▶ [Task statement]:
The line with "Women's Tan Textured" marks the start; please set it down along with all later lines through the end of the material, exactly, leaving out pictures.

▶ [Data provided]:
══════════

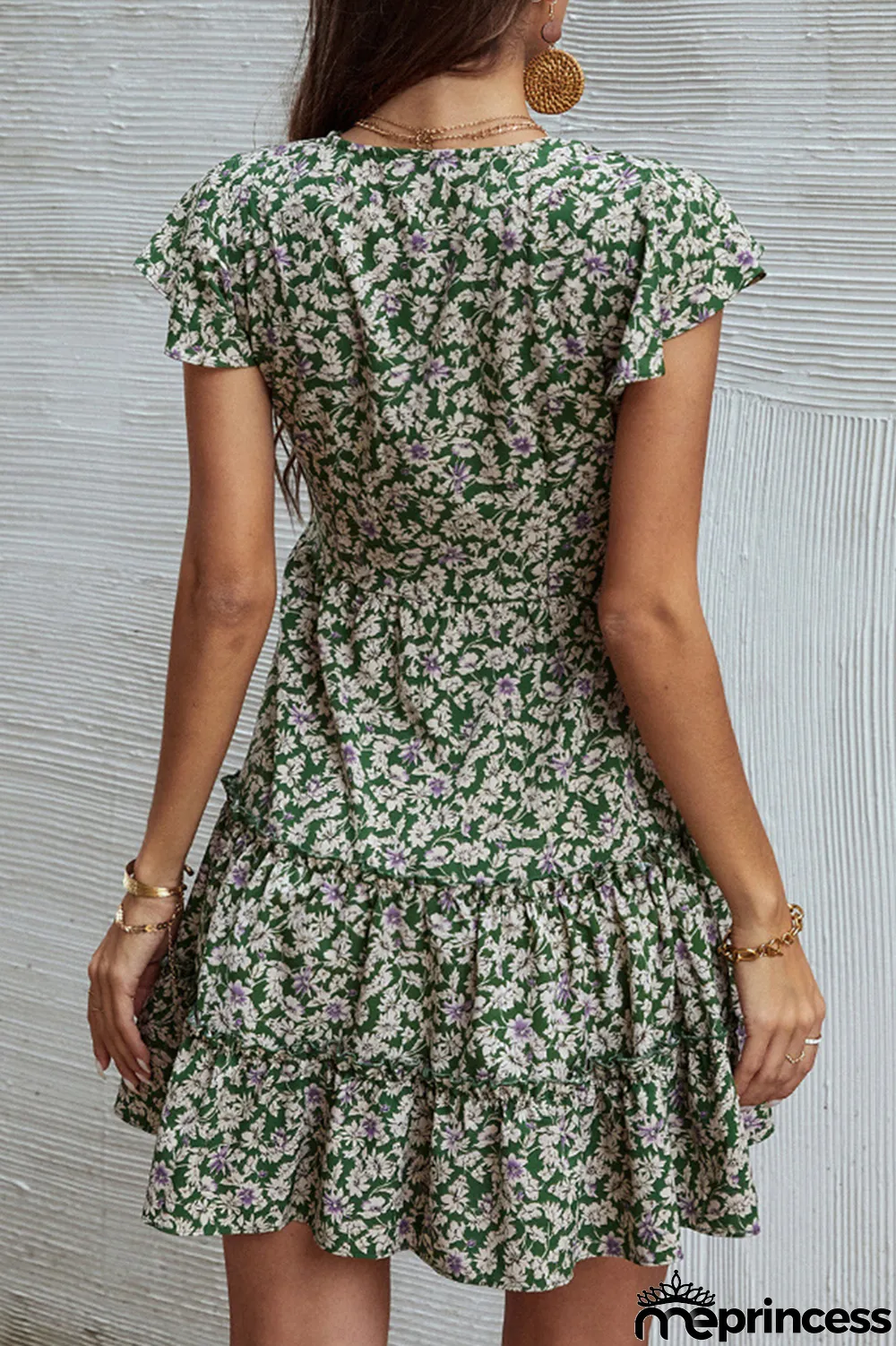 Fashion Elegant Floral Buckle Flounce V Neck A Line Dresses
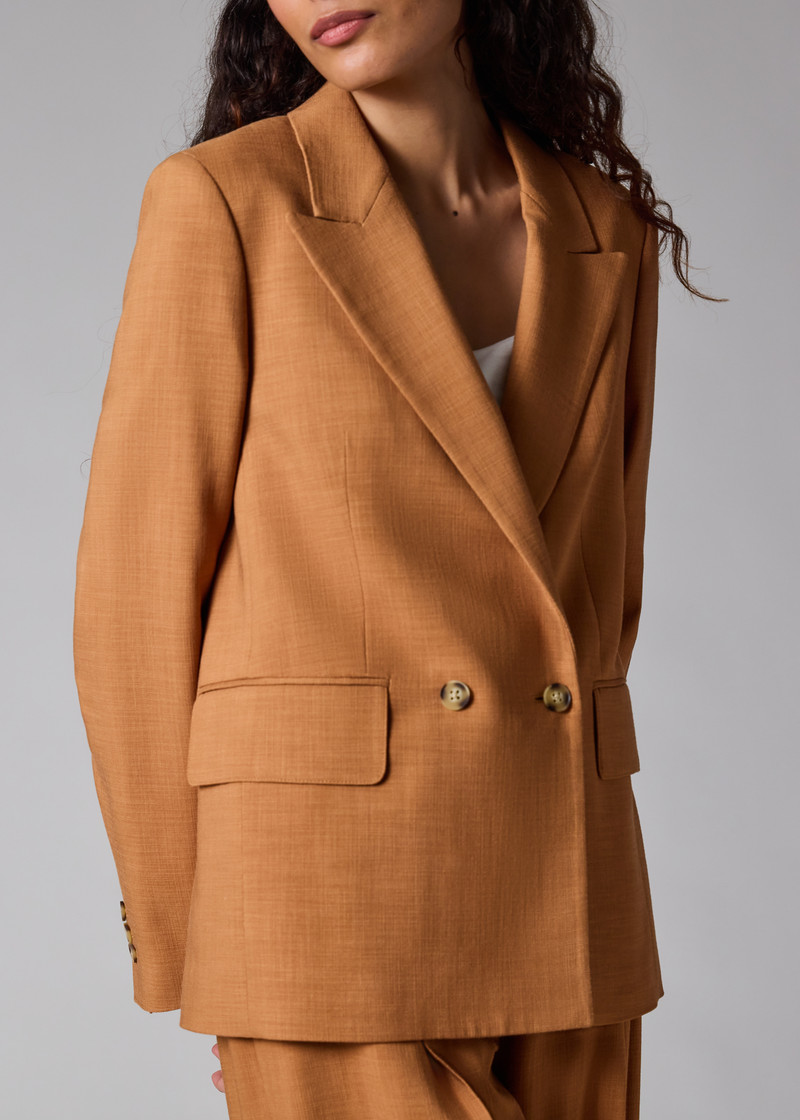 Women's Tan Textured Double-Breasted Blazer 10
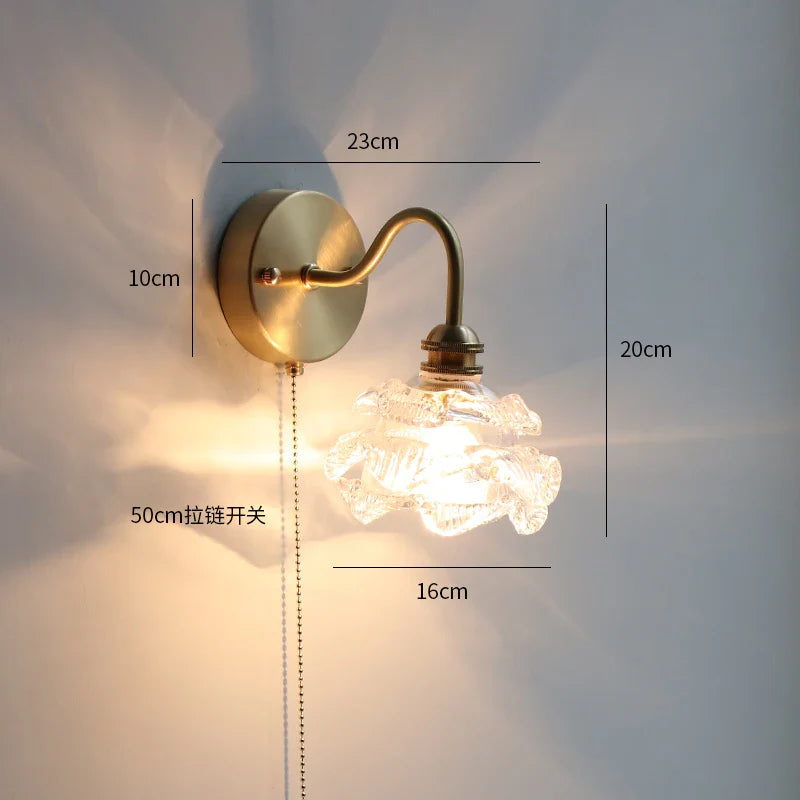 Helnys Nordic Copper Wall Sconce with Pull Chain Switch - Modern LED Light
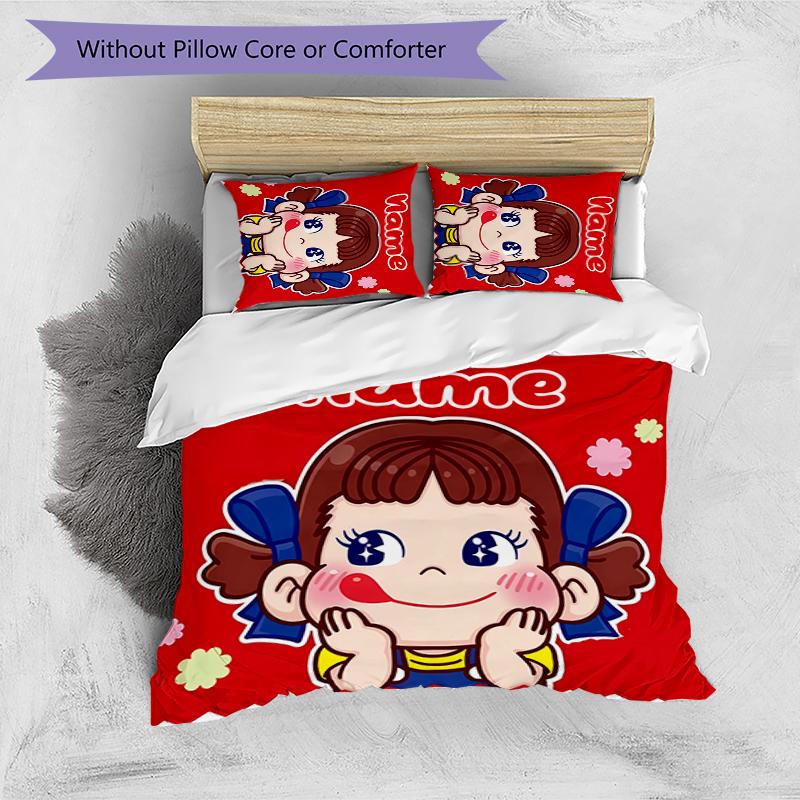 3pcs Custom Name Cartoon Peko Bedding Set Duvet Cover Closure Includes 1 Duvet Cover & 2 Pillowcases for All Seasons Bedroom Decor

══════════

▶ [Solution to this task]:
 Women's Tan Textured Double-Breasted Blazer 10
 Helnys Nordic Copper Wall Sconce with Pull Chain Switch - Modern LED Light
 3pcs Custom Name Cartoon Peko Bedding Set Duvet Cover Closure Includes 1 Duvet Cover & 2 Pillowcases for All Seasons Bedroom Decor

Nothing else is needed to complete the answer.